Steadfast love and faithfulness will meet;
righteousness and peace will kiss each other.
Faithfulness will spring up from the ground,
and righteousness will look down from the sky.
The LORD will give what is good,
and our land will yield its increase.
Righteousness will go before him,
and will make a path for his steps.

SERMON: “Peace” The Rev. Brent Damrow

Anthony Brown is an award-winning British author of children’s books. One of his more recent and notable efforts that has garnered him additional acclaim has been his work, “Voices in the Park.” It presents an encounter unfolding between parents, children and pets, each of whom come to that park in a certain mood, some of them happy, some of them anxious, some of them sad, some of them just glad to be outdoors. The encounter is short. It is mundane and normal. Small little things in the midst of absolutely regular and ordinary lives. Yet it is an encounter that profoundly vexes one of them, lifts another, inspires a third, and offers a moment of hope for the fourth. This story, “Voices in the Park,” is actually a re-visit to one of Brown’s earlier works called simply “A Walk in the Park.” He took that old story, simply narrating this same encounter, and he expanded it to recount that same event from the perspective of each of the parents and each of the children in their park that day, from a mom and her son who bring their pet Victoria, and from a dad and his daughter who bring their pet Albert, too. He does it to see how the very same moment is experienced and understood so profoundly differently, to see how the interpretations of certain actions and reactions become turning points in how that particular character made meaning of what was happening, each voice authentic and true to themselves. But it takes all of them to really see what happened on that thoroughly normal day in the park, all of them to bring themselves fully into that story.

It is a technique called multi-perspectivity. Try that at home! It is one that is gaining in popularity in modern storytelling, telling a story from all the lenses of the people that are in it. Not that we have one homogeneous view, but get to see the myriad of reactions within that story. It is making its way in popular fiction to great acclaim. But it also is a technique that historical scholars are turning to time and time again, to look at old events and big events and small events that have been told through a single lens, and instead trying to encounter the fullness of the lens, because we know that with more of a full story, we know more fully what happened, but also so that we can enter more fully into the story along with those people.

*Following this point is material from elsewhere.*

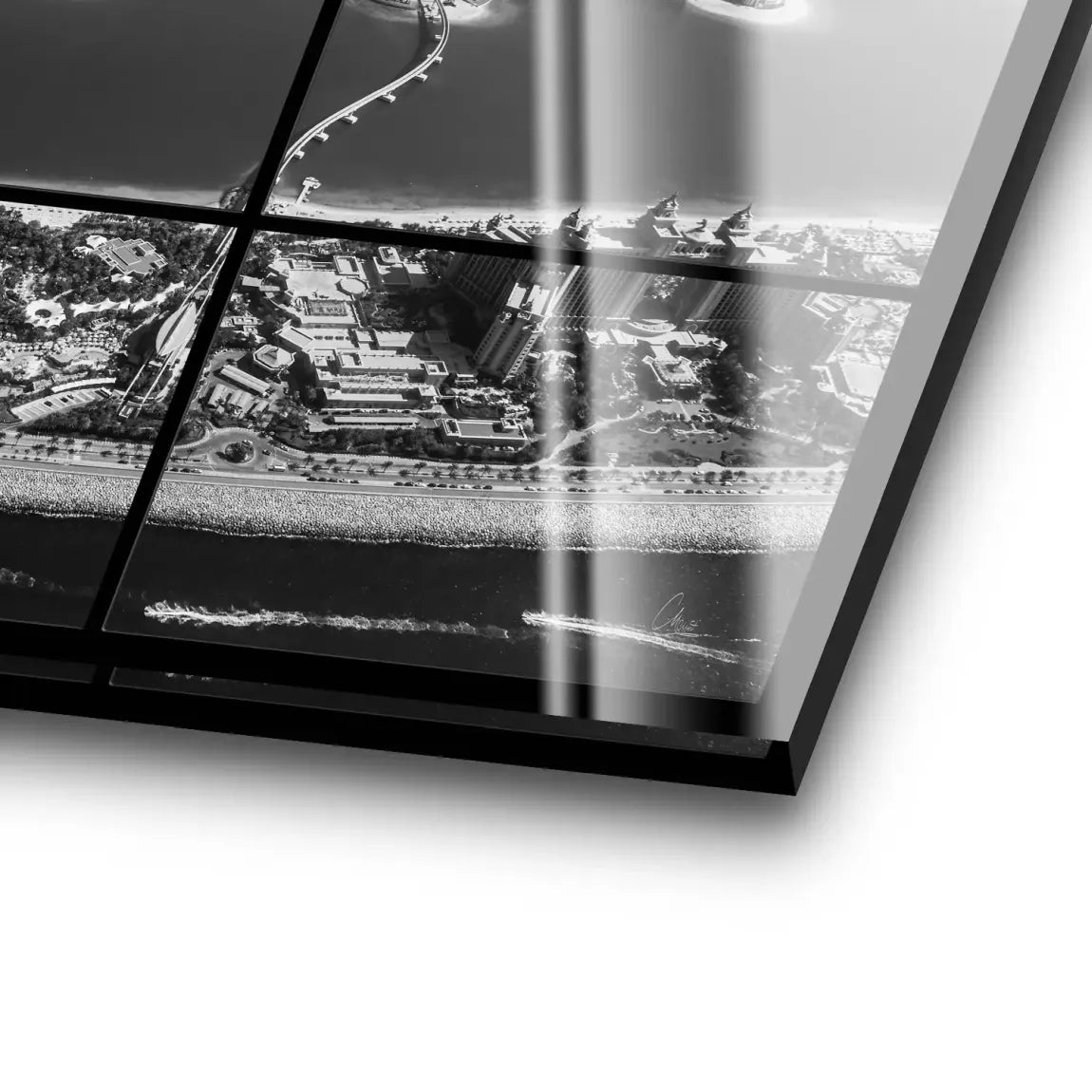 Palm View Dubai Noir Acrylglas Bild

That idea of multi-perspectivity is at the heart of the Psalms. The Psalms, you see, over time have recorded events, moments and yearnings, sometimes from individual perspectives like David, and sometimes communal ones like the people. And then we have taken those things and looked back at them by telling them over and over again, bringing our own perspective to the story, and listening desperately for those who have come before in their own moments. Each time a voice is heard or raised includes new layers of meaning, and each time it offers us a new way to get into that story.

Our reading for this morning highlights that very truth. And I want to thank Ted for the way he brought that story to life – outside in the beauty of the land surrounding his home. Truth be told, Ted didn’t even fully know what he was doing at that particular moment. Did you hear him? He emphasized a word that might have sounded strange to your ears: Selah. It was strange to Ted’s too. But like Mary and Joseph before, Ted didn’t shy back. Ted, instead, just jumped in and hit that word with a bit of a hammer. And I am deeply grateful.

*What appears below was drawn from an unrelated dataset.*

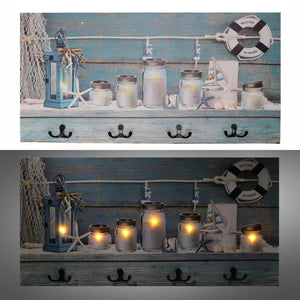 Appendino mare legno 8 posti con led barattoli cm 60x30x1,8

Truth be told, we’re not entirely sure what that word means. But scholarship thinks they know, and that is this: that whenever in the Psalms you see the word Selah, it means that you are supposed to pause, you are supposed to meditate, you are supposed to contemplate that which has just come before. A perspective of meaning has been offered that we might want to think about before we move on to the rest of the story.

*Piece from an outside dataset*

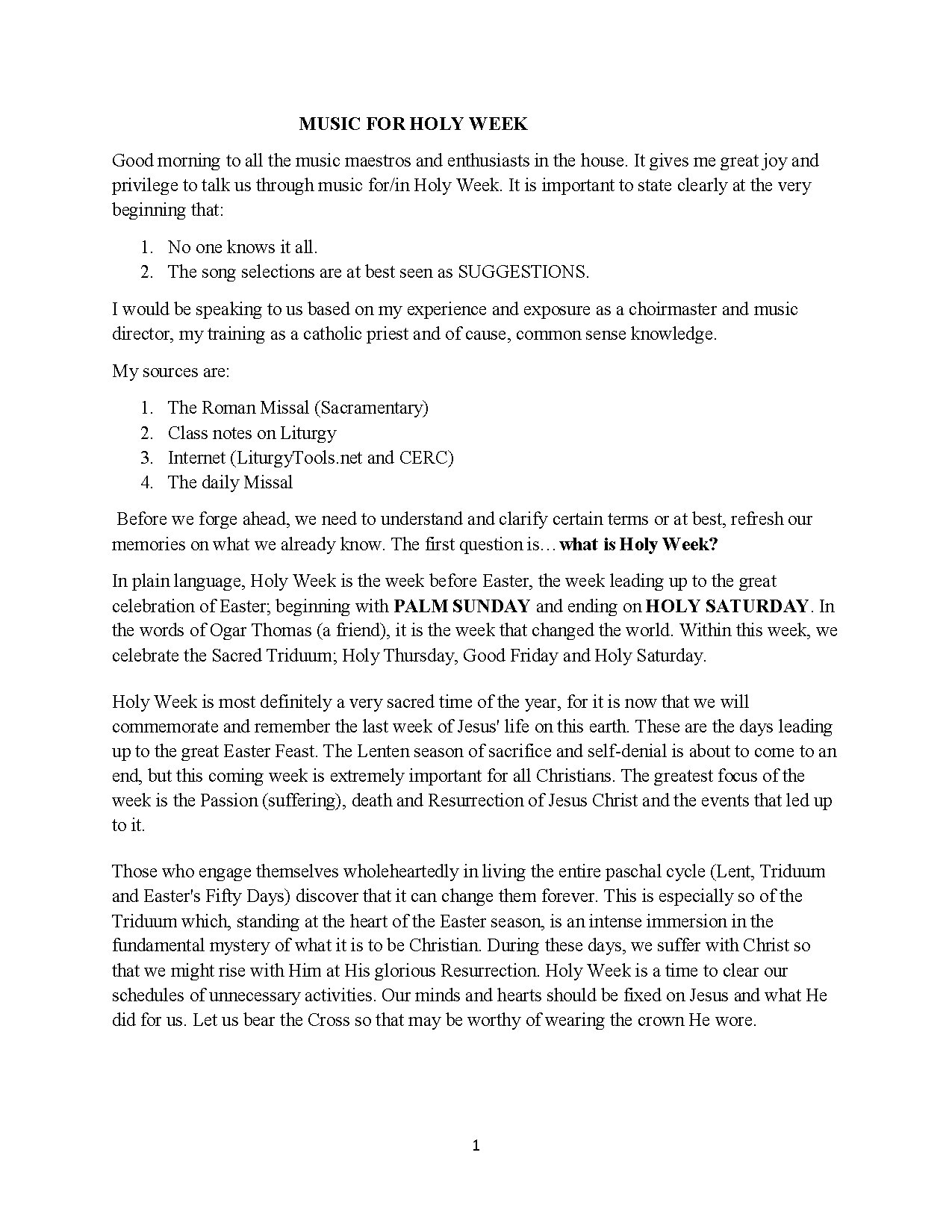 Music For Holy Week - Download Choir Script PDF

And there is a beautiful truth that evolves in this passage, that we are not defined by the worst of our moments. We are forgiven for all the things we have done. And yet there is also within this reading from Psalms a challenging call, that unless we honor, own and address our shortcomings, we also can never fully heal the failures of our lives or the failures of our connections. This psalm reminds us that we must bring those seemingly contradictory things first into conversation and connection before we can move forward. When we both honor the forgiveness that is already ours and the reason we need that forgiveness, we can be open to moving forward into those ways that we are hurt or hurting, in honest and open ways that life and new life might happen. As I’ve studied the Bible about this concept of sin, there’s one thing that the Bible makes perfectly clear, that sin leads to tangible outcomes. And perhaps the one most concerning is that sin leads to barriers, to interruption in relationship, and to separation.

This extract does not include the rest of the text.